Our narrator is an artist who’s working on a jungle scene with no animals; he wants the scene itself to suggest their presence, menace and violence just out of sight. When he’s not painting, he likes to take his two-year-old son Fred to the playground or somewhere; though he’s determined that Fred should not be placed in the way of danger. On this particular outing, the pair pass a man who appears to change into a large animal — and then the jungle continues to encroach. 

Conrad Williams is one of my favourite writers working in dark fiction, horror, whatever you prefer to call it. I always feel that he’s in full command of his material, and that’s the case again here. He ramps up the tension, giving ordinary places a sense of looming danger. He also stops in just the right place to cap it off. 
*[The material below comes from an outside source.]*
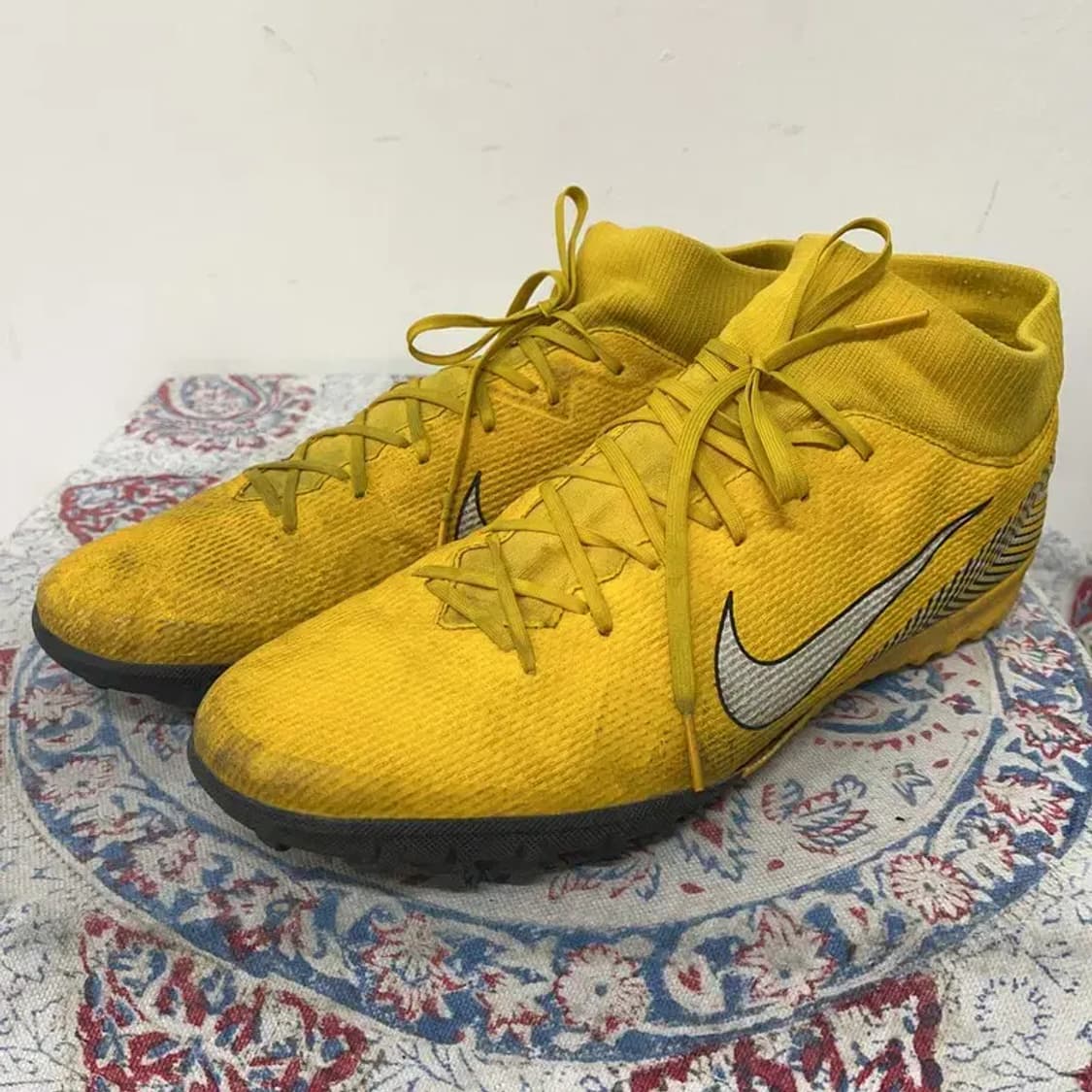 나이키 머큐리얼 슈퍼플라이 X 6 아카데미 풋살화 280 E01309 상품이미지1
Alison Moore, ‘The Harvestman’ (2015)
 

Earlier this year, I read Alison Moore‘s third novel, Death and the Seaside. As it happens, this story was the foundation for that novel, though it works perfectly well as a piece of fiction in its own right. 

Eliot is living on the south coast of England. He owes some rent to his landlord, Big Pete; and also has eyes for barmaid Abbey, Big Pete’s girlfriend. One day, Abbey invites Eliot to the flat above the pub, that she shares with Big Pete. This isn’t likely to end well.
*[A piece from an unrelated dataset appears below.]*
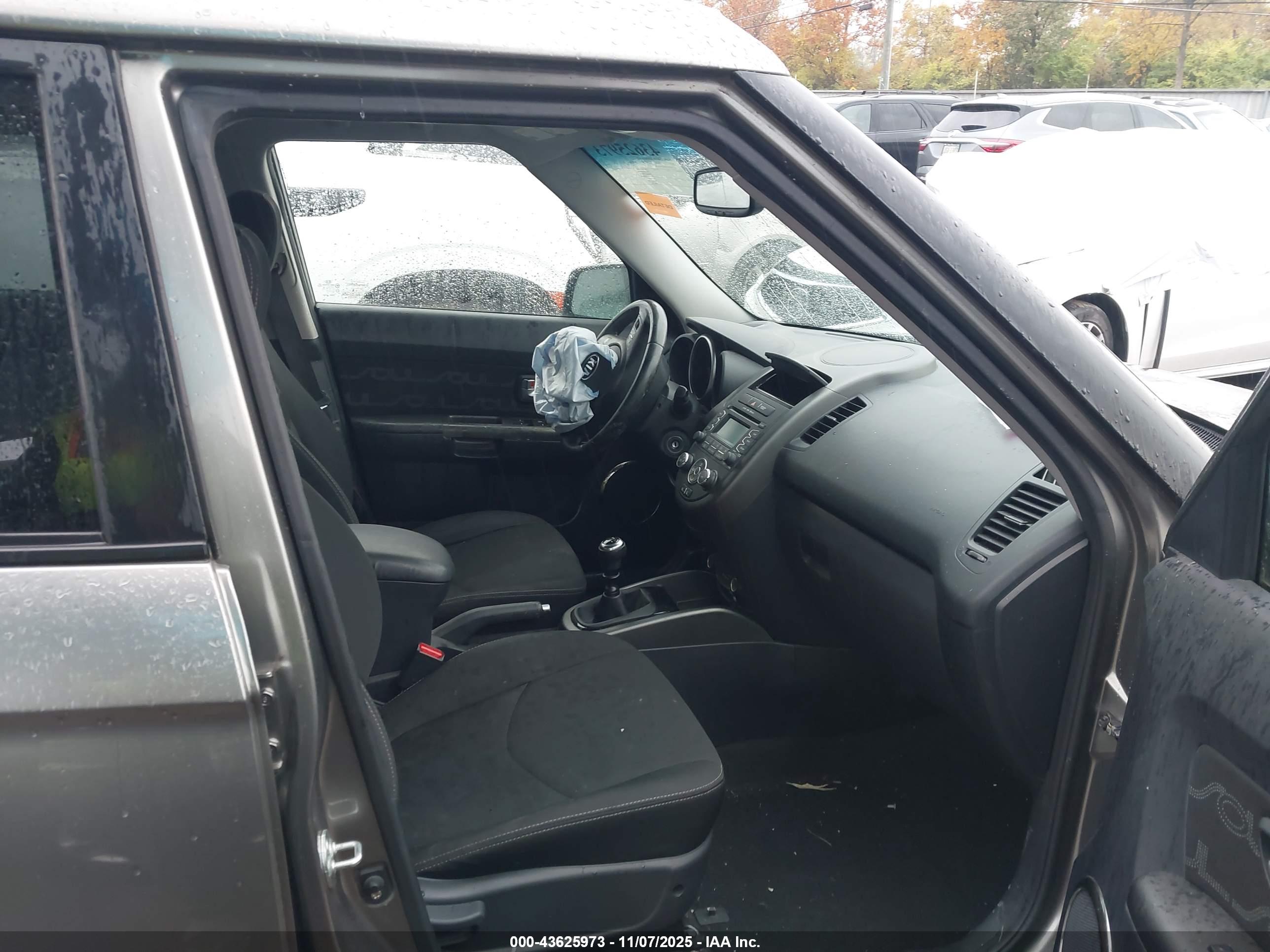 KIA SOUL image 5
Moore’s story evokes the atmosphere of an off-season, slightly dingy seaside town; but there’s a vein of symbolism running through ‘The Harvestman’ that really enriches the piece. Eliot has long spindly legs that remind him of harvestmen, creatures that disgust him, that can just detach a leg if they get trapped. For different reasons, both Eliot’s father and grandfather lost the use of their legs; the question becomes, can Eliot escape his situation with himself intact? Reaching the answer to this is an intriguing journey.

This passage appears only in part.